Short web captions:
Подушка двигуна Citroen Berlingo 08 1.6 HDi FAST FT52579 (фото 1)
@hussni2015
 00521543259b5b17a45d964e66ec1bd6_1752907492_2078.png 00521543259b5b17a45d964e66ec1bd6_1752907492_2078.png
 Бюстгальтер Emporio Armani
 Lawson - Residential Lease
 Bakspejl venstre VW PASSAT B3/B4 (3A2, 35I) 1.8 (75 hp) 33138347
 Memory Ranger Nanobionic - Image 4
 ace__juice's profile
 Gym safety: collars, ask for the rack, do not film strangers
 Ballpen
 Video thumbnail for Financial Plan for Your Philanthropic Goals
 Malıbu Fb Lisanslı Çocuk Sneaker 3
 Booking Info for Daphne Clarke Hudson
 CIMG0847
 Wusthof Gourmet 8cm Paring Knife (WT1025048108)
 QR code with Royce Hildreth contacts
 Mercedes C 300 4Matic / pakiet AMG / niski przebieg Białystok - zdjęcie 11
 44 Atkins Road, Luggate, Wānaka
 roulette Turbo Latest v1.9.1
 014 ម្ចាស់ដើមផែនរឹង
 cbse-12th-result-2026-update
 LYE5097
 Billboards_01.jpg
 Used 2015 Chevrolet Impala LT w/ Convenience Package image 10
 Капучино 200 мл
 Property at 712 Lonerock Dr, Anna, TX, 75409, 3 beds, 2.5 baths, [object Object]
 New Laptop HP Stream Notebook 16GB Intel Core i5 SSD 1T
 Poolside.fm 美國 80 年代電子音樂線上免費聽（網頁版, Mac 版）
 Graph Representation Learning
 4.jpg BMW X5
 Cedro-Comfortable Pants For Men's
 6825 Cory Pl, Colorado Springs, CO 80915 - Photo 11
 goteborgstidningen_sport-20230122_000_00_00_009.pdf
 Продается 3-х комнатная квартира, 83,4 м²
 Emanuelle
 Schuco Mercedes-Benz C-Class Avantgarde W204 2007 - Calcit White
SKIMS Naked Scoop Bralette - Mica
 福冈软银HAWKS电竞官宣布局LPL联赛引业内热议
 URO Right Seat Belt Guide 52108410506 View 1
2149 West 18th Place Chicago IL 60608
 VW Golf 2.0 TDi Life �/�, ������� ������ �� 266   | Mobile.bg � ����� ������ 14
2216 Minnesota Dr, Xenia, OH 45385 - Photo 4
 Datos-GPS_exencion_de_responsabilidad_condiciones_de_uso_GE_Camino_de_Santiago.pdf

> [INSTRUCTIONS FOR THE TASK]
Each record must be duplicated exactly, with none missing.

> [EXPECTED ANSWER]
Подушка двигуна Citroen Berlingo 08 1.6 HDi FAST FT52579 (фото 1)
@hussni2015
 00521543259b5b17a45d964e66ec1bd6_1752907492_2078.png 00521543259b5b17a45d964e66ec1bd6_1752907492_2078.png
 Бюстгальтер Emporio Armani
 Lawson - Residential Lease
 Bakspejl venstre VW PASSAT B3/B4 (3A2, 35I) 1.8 (75 hp) 33138347
 Memory Ranger Nanobionic - Image 4
 ace__juice's profile
 Gym safety: collars, ask for the rack, do not film strangers
 Ballpen
 Video thumbnail for Financial Plan for Your Philanthropic Goals
 Malıbu Fb Lisanslı Çocuk Sneaker 3
 Booking Info for Daphne Clarke Hudson
 CIMG0847
 Wusthof Gourmet 8cm Paring Knife (WT1025048108)
 QR code with Royce Hildreth contacts
 Mercedes C 300 4Matic / pakiet AMG / niski przebieg Białystok - zdjęcie 11
 44 Atkins Road, Luggate, Wānaka
 roulette Turbo Latest v1.9.1
 014 ម្ចាស់ដើមផែនរឹង
 cbse-12th-result-2026-update
 LYE5097
 Billboards_01.jpg
 Used 2015 Chevrolet Impala LT w/ Convenience Package image 10
 Капучино 200 мл
 Property at 712 Lonerock Dr, Anna, TX, 75409, 3 beds, 2.5 baths, [object Object]
 New Laptop HP Stream Notebook 16GB Intel Core i5 SSD 1T
 Poolside.fm 美國 80 年代電子音樂線上免費聽（網頁版, Mac 版）
 Graph Representation Learning
 4.jpg BMW X5
 Cedro-Comfortable Pants For Men's
 6825 Cory Pl, Colorado Springs, CO 80915 - Photo 11
 goteborgstidningen_sport-20230122_000_00_00_009.pdf
 Продается 3-х комнатная квартира, 83,4 м²
 Emanuelle
 Schuco Mercedes-Benz C-Class Avantgarde W204 2007 - Calcit White
SKIMS Naked Scoop Bralette - Mica
 福冈软银HAWKS电竞官宣布局LPL联赛引业内热议
 URO Right Seat Belt Guide 52108410506 View 1
2149 West 18th Place Chicago IL 60608
 VW Golf 2.0 TDi Life �/�, ������� ������ �� 266   | Mobile.bg � ����� ������ 14
2216 Minnesota Dr, Xenia, OH 45385 - Photo 4
 Datos-GPS_exencion_de_responsabilidad_condiciones_de_uso_GE_Camino_de_Santiago.pdf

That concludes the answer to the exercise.